Current Window: [2, 3, 7]
Current Sum: 12

Finally, the current sum becomes equal to the target sum (12 == 12). We have found a subarray that adds up to the given sum. The left index is 2, and the right index is 4. So, the subarray with the sum 12 is [2, 3, 7].Therefore, the expected output for this example would be 2 4

The Kotlin code for the “Subarray with Given Sum” problem:

fun subarraySum(arr: IntArray, targetSum: Int): Pair<Int, Int> {
    var left = 0
    var right = 0
    var currentSum = arr[0]

    while (right < arr.size) {
        when {
            currentSum == targetSum -> return Pair(left + 1, right + 1)
            currentSum < targetSum -> {
                right++
                if (right < arr.size) {
                    currentSum += arr[right]
                }
            }
            else -> {
                currentSum -= arr[left]
                left++
            }
        }
    }

    return Pair(-1, -1)
}

fun main() {
    val arr = intArrayOf(1, 2, 3, 7, 5)
    val targetSum = 12

    val (left, right) = subarraySum(arr, targetSum)

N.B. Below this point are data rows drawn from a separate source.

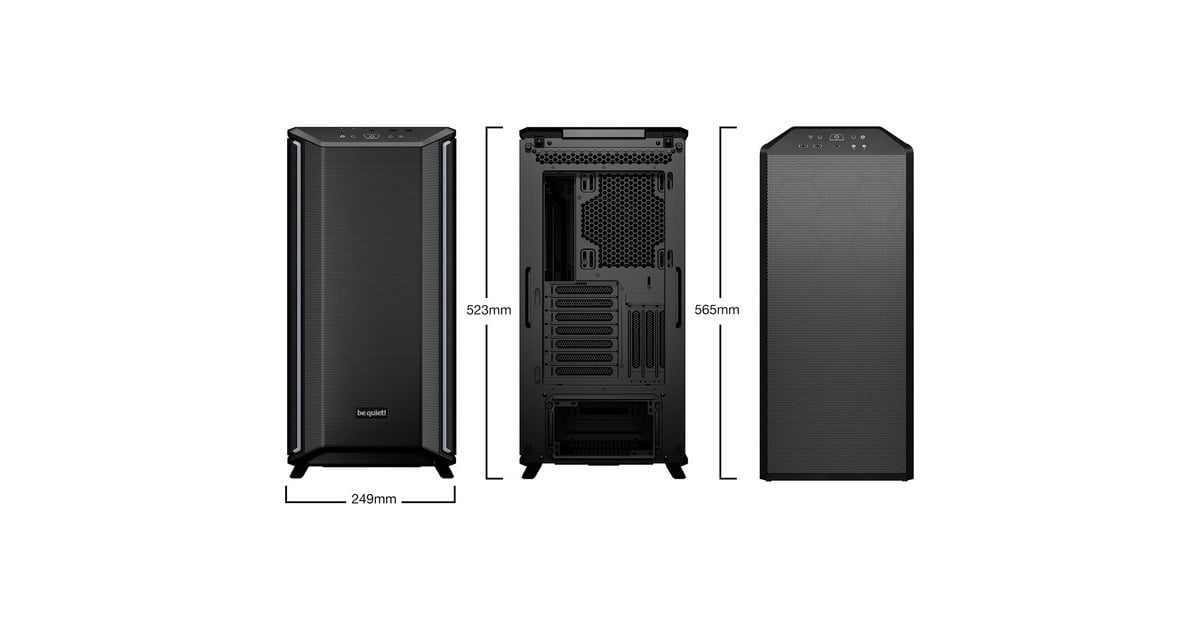 be quiet!Dark Base 701 midi tower behuizing  (Zwart | 2x USB-A | 1x USB-C | RGB | Tempered Glass)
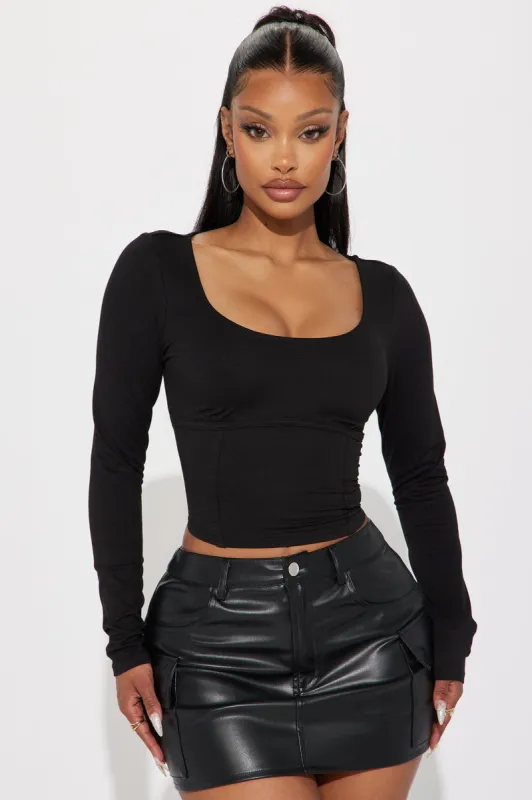Angelica Scoop Neck Top - Black sold by Fashion Nova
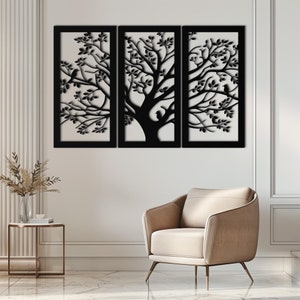Metal Tree of Life Wall Art - 3- Piece Stainless Steel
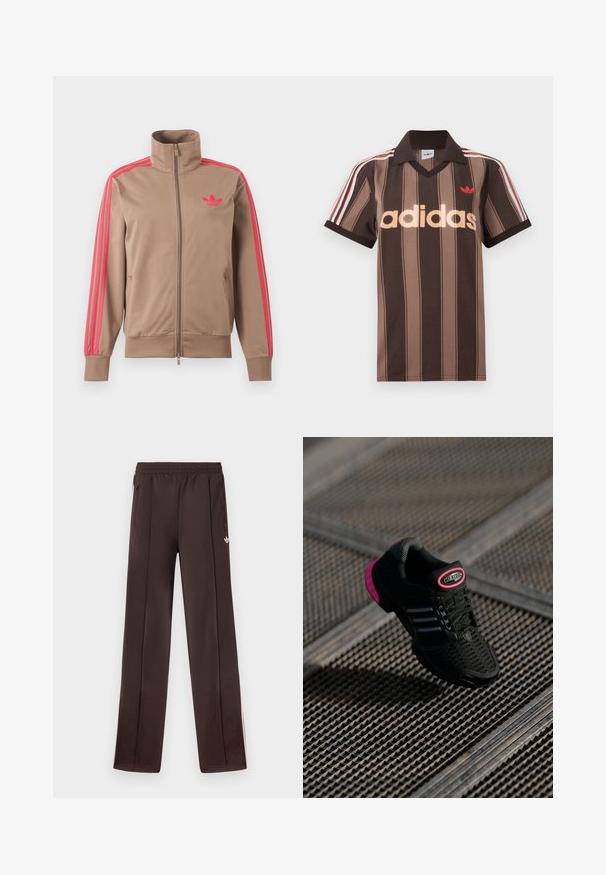 Lysebrun trackjakke med lynlås og høj krave, lyserøde striber ned ad ærmerne og lyserødt Adidas-logo på venstre bryst.; Brunstribet Adidas polo-shirt med V-hals, bordeaux krave og rødt logo. Har hvide og røde skulderstriber samt korte ærmer.; Mørkebrune Adidas træningsbukser med elastik i taljen, sidelommer med lynlås og lille hvid Trefoil-logo på højre lår.; Sort sportssko med mesh-overdel, lyserøde accenter og sorte stribede detaljer. Har en tekstureret ydersål og et logo på hælen.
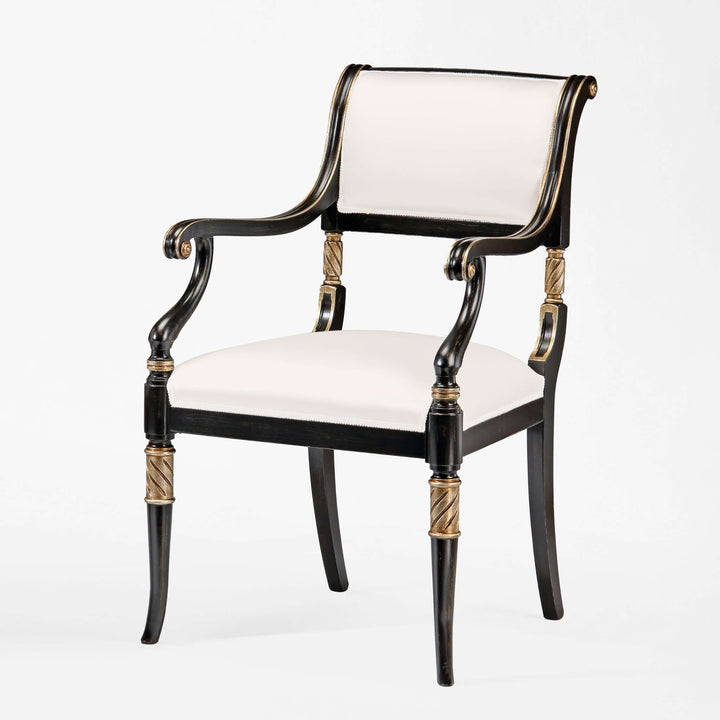 Vintage Italian Neoclassical Black Chair with Silver Leaf, handcrafted elegance, luxurious design with intricate details.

    if (left == -1 && right == -1) {
        println("No subarray with sum $targetSum found.")
    } else {
        println("Subarray with sum $targetSum found at indices: $left to $right")
    }
}

1. The subarraySum function takes an array arr of integers and a target sum targetSum as input. It returns a Pair containing the left and right indices of the subarray with the given sum.
2. The function initializes the left and right variables to 0, representing the starting indices of the subarray window.
3. The currentSum variable is initialized with the value of the first element in the array, arr[0].
4. The while loop continues until the right pointer reaches the end of the array.
5. Inside the loop, there’s a when statement that handles three cases:
   • If currentSum is equal to the targetSum, it means we have found a subarray with the desired sum. In this case, the function returns a Pair containing the left and right indices of the subarray, incremented by 1 to match the 1-based indexing.
   • If currentSum is less than the targetSum, we need to expand the window. The right pointer is incremented, and the value at the new right position is added to the currentSum.
   • If currentSum is greater than the targetSum, we need to shrink the window. The left pointer is incremented, and the value at the left position is subtracted from the currentSum.
6. If the loop finishes without finding a subarray with the desired sum, the function returns a Pair containing -1 for both the left and right indices, indicating that no such subarray exists.
7. The main function demonstrates the usage of the subarraySum function. It initializes an example array and target sum.
8. The subarraySum function is called with the array and target sum, and the returned left and right indices are stored in variables left and right.
9. If the left and right indices are both -1, it means no subarray with the sum exists, and an appropriate message is printed.
10. If the left and right indices are not -1, it means a subarray with the sum was found, and a message displaying the indices is printed.

The time complexity of the code is O(N), where N is the length of the input array.

The while loop iterates through the array once, with both the left and right pointers moving at most N steps. Therefore, the time complexity of the code is linear with respect to the size of the input array.

The space complexity of the code is O(1), which means it uses constant space. The space requirements do not depend on the size of the input array. The code only uses a few integer variables to keep track of indices and the current sum, so the space complexity remains constant regardless of the input size.